À cela s’ajoute que la recourante a, selon toute vraisemblance, fait état de ce recours au juge de la faillite, avant qu’il ne rende son jugement de suspension de la faillite faute d’actifs le 29 août 2022 puis de clôture de la faillite faute d’actifs. Ce dernier n’a pas retenu cet élément comme justifiant une autre issue que celle qu’il a prononcée.

4.             À titre superfétatoire, la société ayant été radiée du registre du commerce, le recours est devenu sans objet et devrait être radié du rôle (ATF 142 I 135 consid. 1.3.1).

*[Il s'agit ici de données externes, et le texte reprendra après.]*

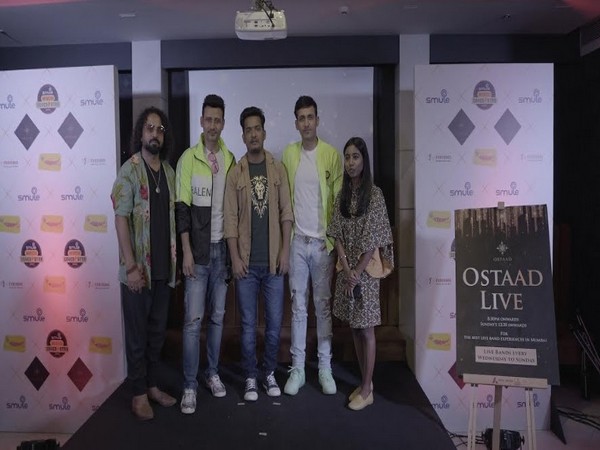 Ravi Mishra, winner of Smule Mirchi cover star season two with Judges Brigesh Shandilya, Meet Bros and Shilpa Rao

5.             Vu la nature du litige, aucun émolument ne sera perçu (art. 87 al. 1 LPA). Vu son issue, aucune indemnité de procédure ne sera allouée (art. 87 al. 2 LPA).

 

* * * * *

PAR CES MOTIFS
LA CHAMBRE ADMINISTRATIVE

déclare irrecevable le recours interjeté le 5 février 2022 par A______ contre la décision du département de l'économie et de l'emploi du 10 janvier 2022 ;

dit qu’il n’est pas perçu d’émolument, ni alloué d’indemnité de procédure ;

dit que, conformément aux art. 82 ss de la loi fédérale sur le Tribunal fédéral du 17 juin 2005 (LTF - RS 173.110), le présent arrêt peut être porté dans les trente jours qui suivent sa notification par-devant le Tribunal fédéral, par la voie du recours en matière de droit public ; le mémoire de recours doit indiquer les conclusions, motifs et moyens de preuve et porter la signature du recourant ou de son mandataire ; il doit être adressé au Tribunal fédéral, 1000 Lausanne 14, par voie postale ou par voie électronique aux conditions de l’art. 42 LTF. Le présent arrêt et les pièces en possession du recourant, invoquées comme moyens de preuve, doivent être joints à l’envoi ;

communique le présent arrêt à A______, au département de l'économie et de l'emploi, ainsi qu’à l’office des faillites.

Siégeant : Francine PAYOT ZEN-RUFFINEN, présidente, Valérie LAUBER et Fabienne MICHON RIEBEN, juges.

Au nom de la chambre administrative :

la greffière :

 

 

C. MARINHEIRO

 

la présidente siégeant :

 

 

F. PAYOT ZEN-RUFFINEN

 

Copie conforme de cet arrêt a été communiquée aux parties.